23
March
2015
|
18:39
America/Tegucigalpa

Student team makes finals at 'Dragons' Den'-flavoured competition

Engineering, business students team up in international competition to solve real-world business challenges.

By RICHARD CAIRNEY

(Edmonton) It isn’t every day that extracurricular projects take on the dramatic tension of an episode of Dragons’ Den, but that’s what a group of University of Alberta students experienced as finalists in an international competition.

Faculty of Engineering students Ben Lakey and Thomas Dennehy, and Alberta School of Business students Steven Biggs and Brandon Foster, made it to the final three in the annual Engineering and Commerce Case Competition. After winning in divisional case competitions during the four-day event, the U of A team was guaranteed a spot in the final three.

The competition presents teams of business and engineering students with real-world business challenges. Teams are given a fixed amount of time to develop technical and business solutions, and present their ideas.

On the final day, the teams were presented with a tricky challenge in which a construction firm was seeking ways to improve its bidding practices. Quebec has been embroiled in controversy over allegations of bribery and corruption in the construction industry, and the company wanted a bidding process that would help prevent unethical conduct from taking root in its operations.

The U of A team developed two solutions: one was a process called Last Planner, which leaves a paper trail on all aspects of the bidding process, assigning accountability to individuals along the way. Another proposed solution was an automated system companies could use to analyze their own capacity to even prepare a bid on a job. The software would consider all manner of variables, from materials and labour costs to market and seasonal conditions, and even in-house expertise.

“The idea was to eliminate bidding on unsafe projects or projects that were unsuitable for the company,” said Lakey, who is in the final year of the mechanical engineering co-op program.

At the end of their final presentation, the team faced aggressive questioning from a six-member panel of judges, which included a vice-president of Siemens Canada.

“It was intimidating,” said Biggs. “They laid into us with some tough questions.”

To be fair, teams only had 10 hours to prepare their solutions and teams struggled with the fact that important information wasn’t included in the challenge as presented to them.

The U of A team, which worked under the supervision of Bill Pick, a former Dow Chemical executive who now holds the William Magee Chair in Process Design in the Department of Chemical and Materials Engineering, finished in third place out of 11 teams. The students are pleased with their performance and say they gained valuable experience.

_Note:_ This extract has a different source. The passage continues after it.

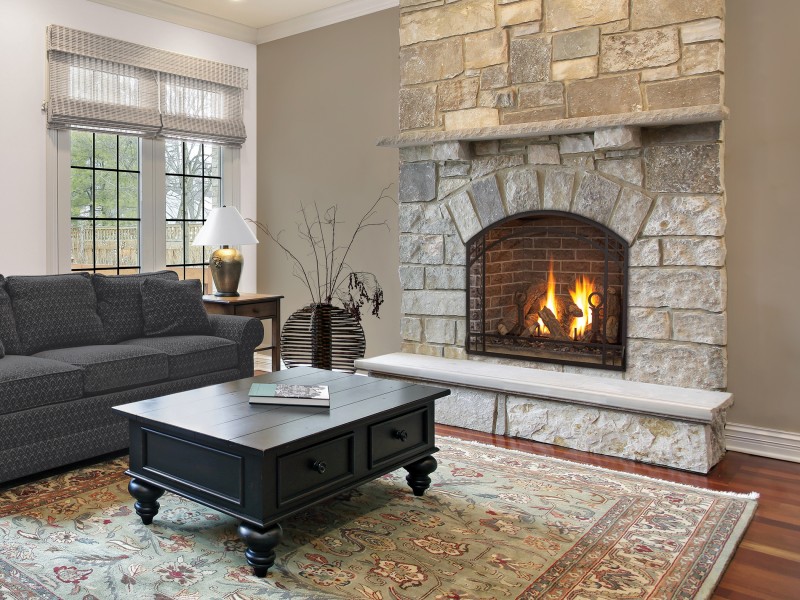 Alpha 36s Direct Vent Gas Fireplace, Curved Gas Fireplace Insert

“Doing presentations and getting more public speaking experience was a big deal for me,” said Lakey. “Engineering is a technical degree but communication skills are also very important. Any chance to get more experience doing presentations and working in teams is valuable.”

“Being part of this team and going through this competition changed the way I approach problem solving,” added Biggs. “We learned from [Pick] that there’s more than one solution to a problem and more than one way to arrive at a solution, so we really had to cover a lot of bases before presenting solutions to the people whose problems we were actually trying to solve.”

Biggs and Lakey agree that teamwork was a vital part of the group’s success. Because all four members have known one another for years, and because they’d practised solving cases with coaching from Pick and Brad Leonard (chemical engineering ’14), a member of last year’s winning team, they had an advantage over other teams.

Hosted by Concordia University in Montreal, the competition included a mix of students from universities around the world, including teams from Mexico, Israel and Egypt—and the teams were all encouraged to network with one another.

“I know it might sound cheesy to say, but we all made friends there,” said Biggs. “It was a great experience for all of us.”